As results become available, the panel on the right side of the screen is updated with additional options (if it is not visible, you can activate it using the appropriate button in the toolbar). Using this panel, the weights for the different categories can be adjusted which will update the ranking and thus the order of the results. Furthermore, one can toggle media type filters. Since these operations are executed entirely by the UI, no further communication with the back-end is necessary. However, they only operate on the result set that is available locally.
The vitrivr stack is designed in such a way that it can easily be extended and adjusted to different use cases.
Due to its modular architecture, adding further feature modules to Cineast is simple and does not even require a rebuild of Cineast itself. Feature modules are loaded via java reflections whenever they are needed during extraction or retrieval. Therefore, they just need to be present in the classpath of Cineast. We provide an example repository which shows how such feature modules are constructed. Once the newly added modules are present in the classpath, they can be used in the same way as those provided with Cineast.
All the different UI components in Vitrivr NG have been realized as dedicated Angular components. Adjusting the UI therefore boils down to either adjusting existing or adding new such Angular components. All you need is knowledge about Angular and Typescript.
Adding new forms of results presentation is straightforward and only requires two steps. First, one must create a new component that deals with the presentation logic. Inheriting from the existing, AbstractResultsViewComponent class makes sure that all the wiring with the QueryService is already in place. We refer to the implementation of the GalleryComponent or ListComponent for example. Secondly, one must provide the user with means to navigate to the new view. This can be achieved by adding a navigation rule to the AppRoutingModule and adding a link to the toolbar. Of course it is also possible to create a component from scratch, in which case the interface with the QueryService must be established manually.
All communication facilities for the Cineast API are implemented as services. Angular services are re-usable classes that can be injected into components and other services. Currently, there is a QueryService singleton, which provides the similarity query functionality, and a MetadataLookupService, which enables lookup of metadata entries. It is easy to add new services that connect to other WebSocket or RESTful endpoints exposed by Cineast.
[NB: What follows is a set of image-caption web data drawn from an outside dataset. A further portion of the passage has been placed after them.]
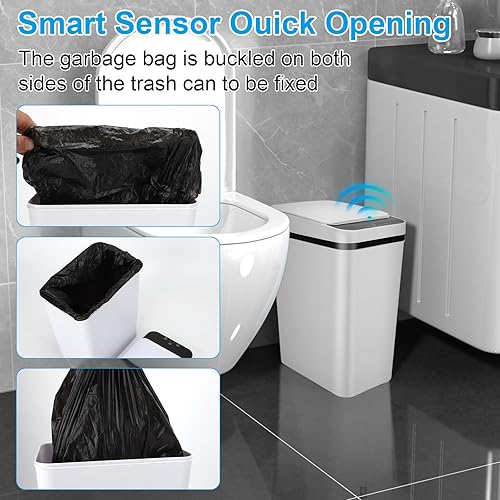 Miniatura 6 de Paquete de 2 basureros de baño, cubo de basura inteligente sin contacto, cubo de basura automático con sensor de movimiento con tapa, cubo de basura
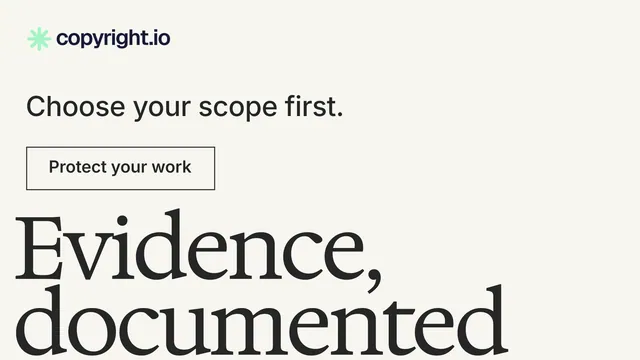 Landscape graphic for copyright.io: "Evidence, documented." Editorial style, oversized layout, light palette in white, grey.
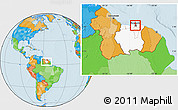 Political Location Map of Flora, highlighted country, within the entire country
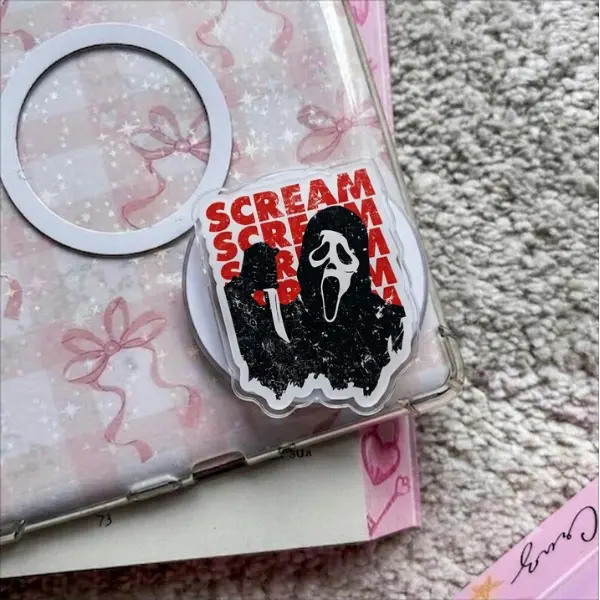 Scream Ghostface Movie MagSafe Phone Grip, Aesthetic Horror Slasher Griptok, Spooky Movie Fan Phone Stand, Unique Horror Accessory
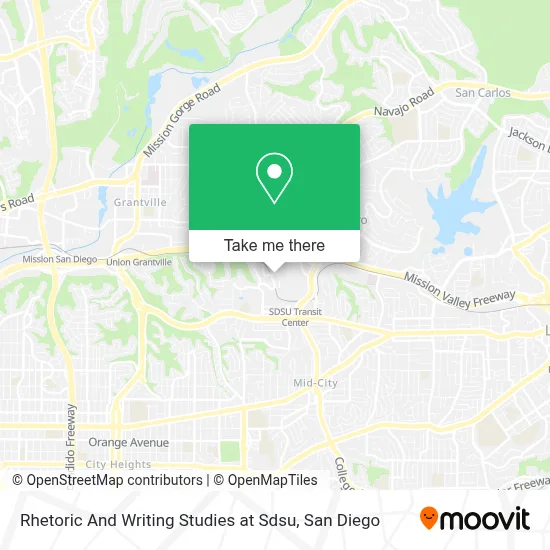 Rhetoric And Writing Studies at Sdsu map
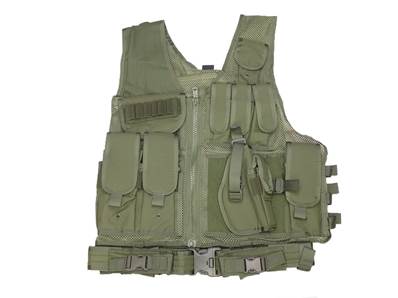 DMoniac Tactical Vest Olive 8 pouch holster + belt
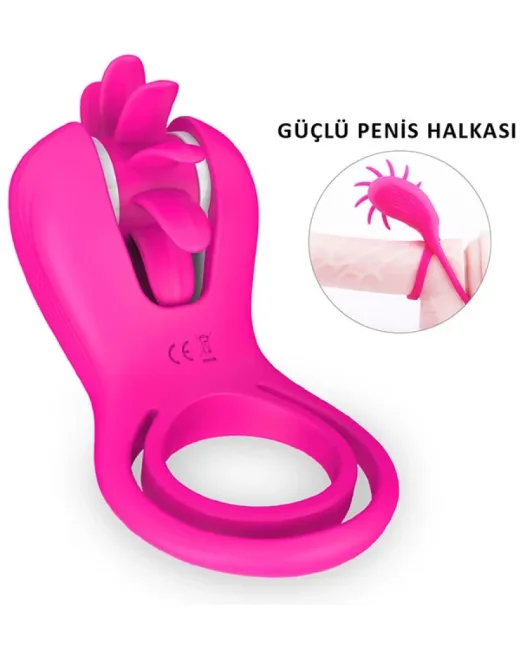 Wind Döner Dilli Şarjlı Titreşimli Penis Halkası 10 farklı dönüş modu ile partnerinizin klitorisine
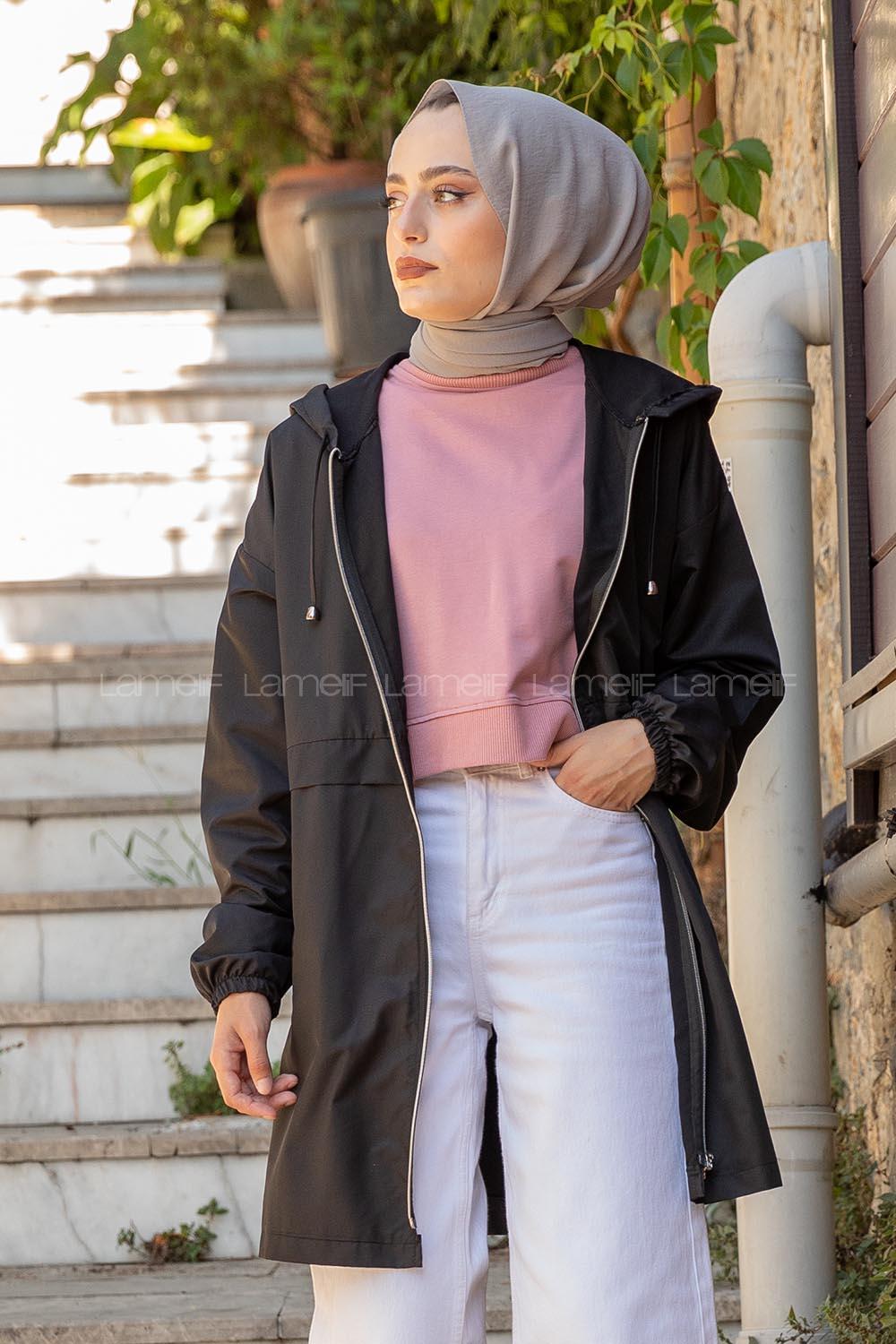 Modalamelif Önü Fermurlı Kapşonlu Kap Siyah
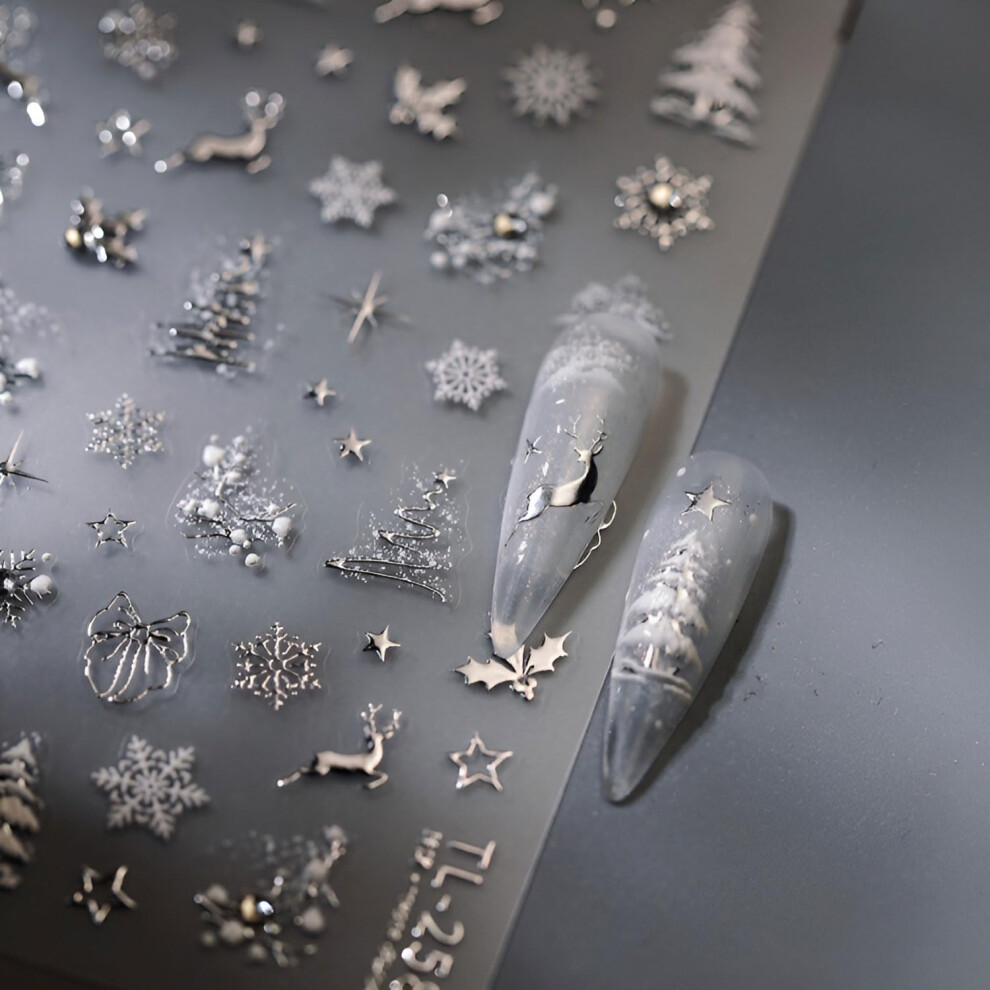 Christmas Nail Stickers 5D Embossed Silvery Snowflake Decals SelfAdhesive Xmas Nail Decorations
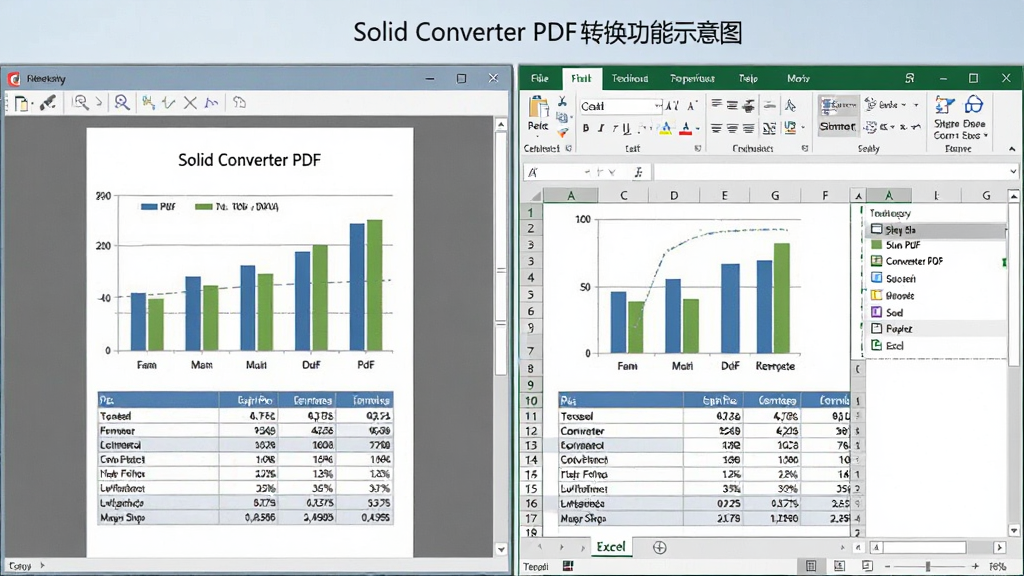 Solid Converter PDF转换功能示意图,界面分为左右两部分,左侧为PDF文件中的柱状图和数据表格,右侧为转换后的Excel表格,数据完整,图表可编辑,整体风格专业,画面干净,清晰展示软件功能,画质高清,无多余元素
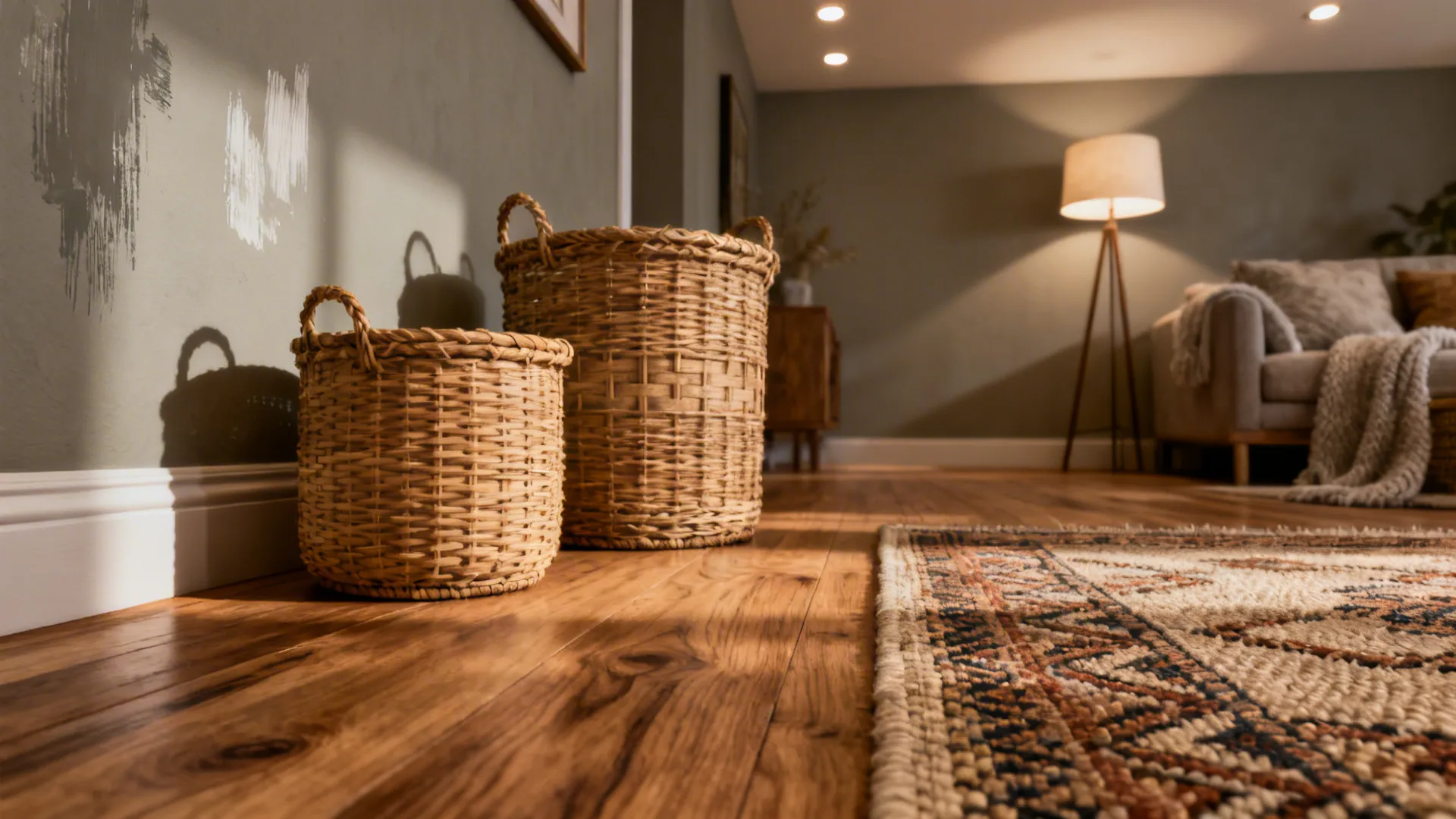 1. Warm Greige with Wooden Accents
The CineastAPI service class provides the basic communication primitives required for WebSocket communication and it can be re-used in other classes. The entire communication layer uses an Observer pattern powered by RxJS and we encourage users to adapt the same pattern when creating extensions.
The query container system described previously is modular by design and new types of query terms can be added by creating the respective model entities and UI components. If you want to support new modalities, however, then adding query terms to Vitrivr NG is only the first step in the process. Obviously, Cineast must be extended as well in order to support these modalities.